Jules climbs behind the wheel again and I wonder when she began looking much older than eighteen. Once she leaves for college I don’t know how we’ll manage. Maybe Danny never argues with her anymore because he understands the same thing I’ve come to understand.

Jules has become the glue struggling to keep the broken pieces of our lives connected.

Liam Cassini is speaking to the officers now and I can only see the shadow of Trent’s head in the rear window of the police car. Danny scowls in the backseat with his arms crossed.

Jules checks on me with a worried glance and smiles when she notices I’m already looking back at her. She drives away quickly so we don’t have to watch the aftermath of Trent’s arrest. Jules waits until we’ve turned a corner before she dips one hand into the slouchy black purse atop the armrest. She finds what she’s looking for quickly and passes it over.

“I almost forgot, Abigail sent this for you.”

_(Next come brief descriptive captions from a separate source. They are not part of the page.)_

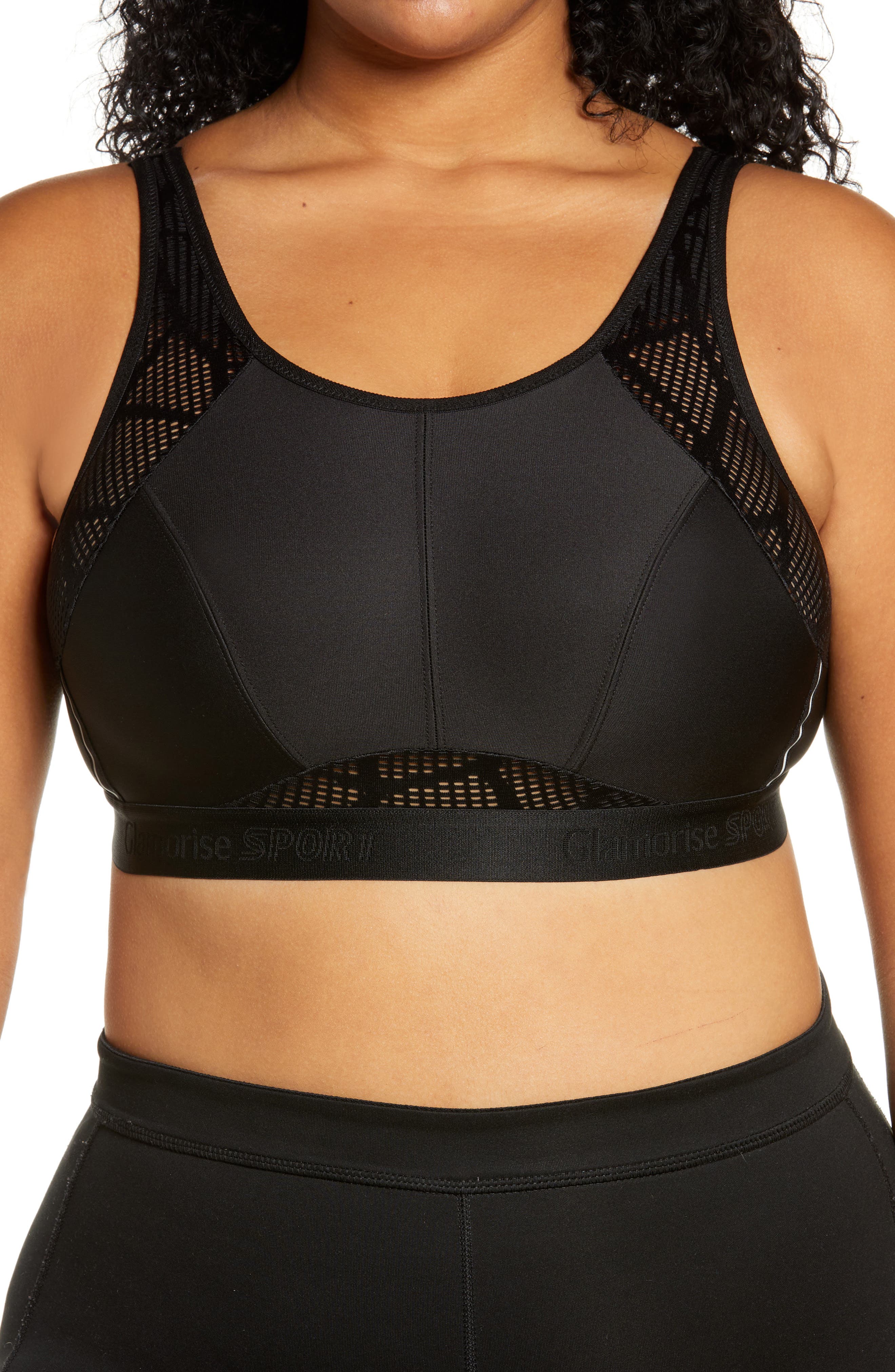 Glamorise No-Sweat Full Figure Mesh Sports Bra in Black 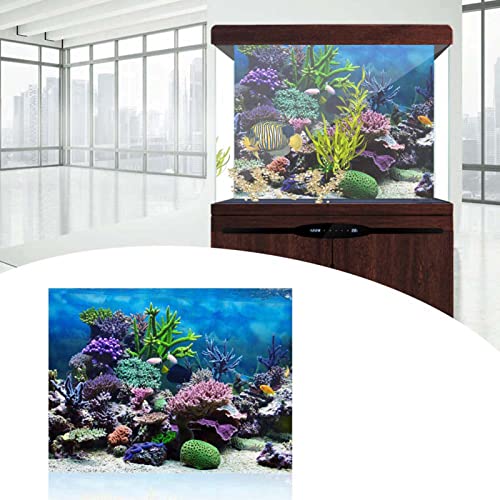 Keenso Fish Background, Beautiful PVC Adhesive 3D Effect Underwater Backdrop Poster Aquarium Wallpaper Sticker Image Decor New(122 * 61cm) - size: 122*61cm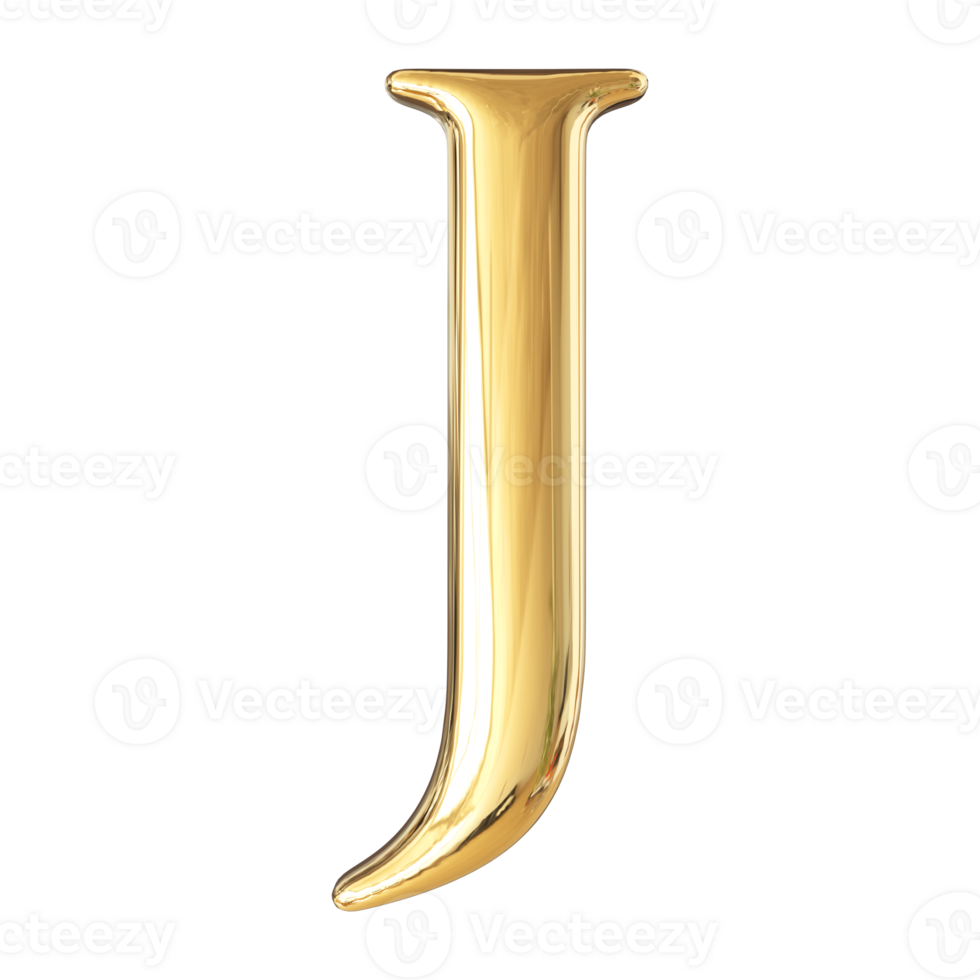 3D Font Letter J uppercase png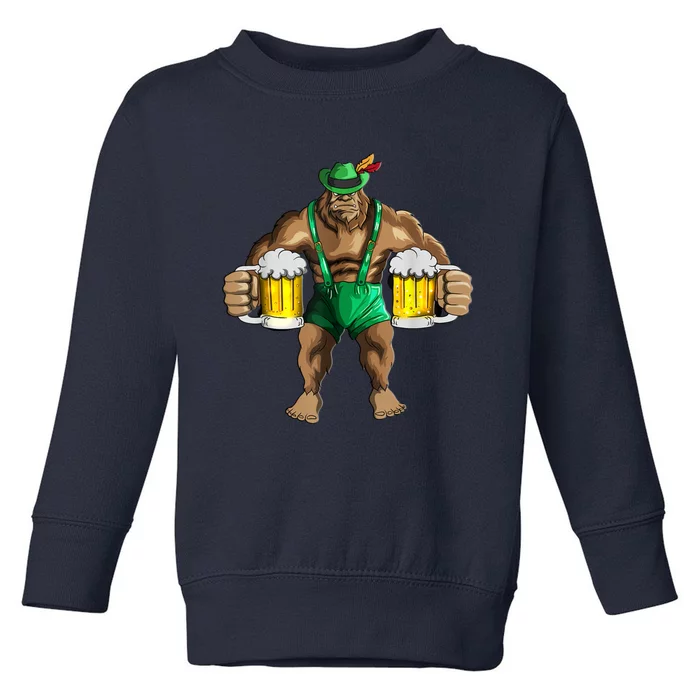 Beer Drinker Bigfoot In Leather Pants Beer Glasses Toddler Sweatshirt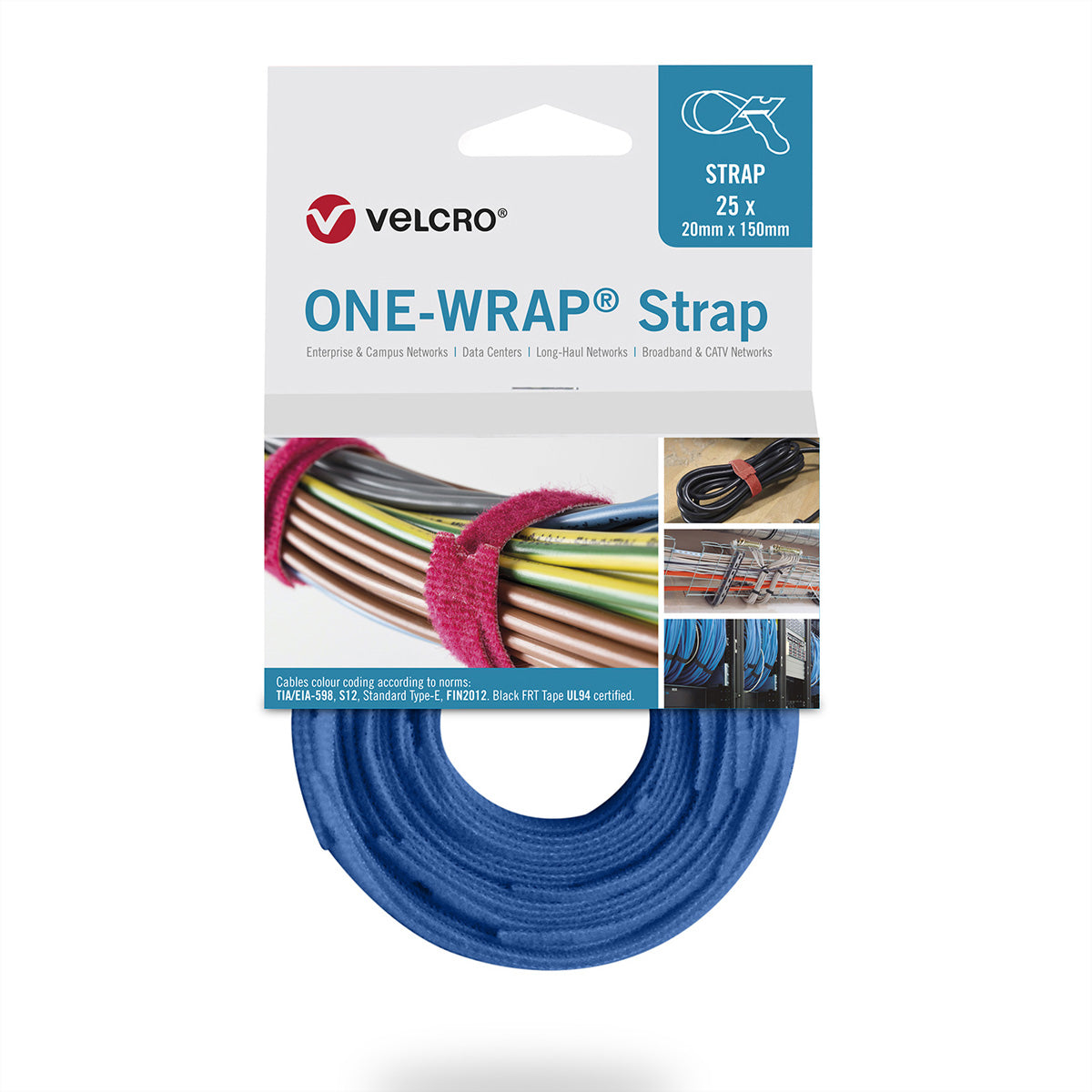 Velcro Schnur – 0,3 m, PP, blau, 25 Stück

Abigail Fisher’s impossibly bright smiles gleams up at me from the cover of Abigail Fisher’s Greatest Hits, all songs recorded many years before I was even born. Abigail Fisher speaks fondly of her Rosebriar years in interviews. She remembers my father as a little boy running amok through every corner of his grandfather’s resort. Every holiday season she sends us a colossal fruit and cheese basket. I suppose I ought to think of her as my benefactor since she’s footing the bill for my Ithaca stay.

I pop open the case and a square of white paper falls out, blue ink written in old fashioned spidery script.

“Whatever will be. Love, Abigail.”

I stare at the words. I try to picture Abigail thinking for a long and meaningful moment before scratching her ballpoint pen across the piece of stationary bordered with pink roses.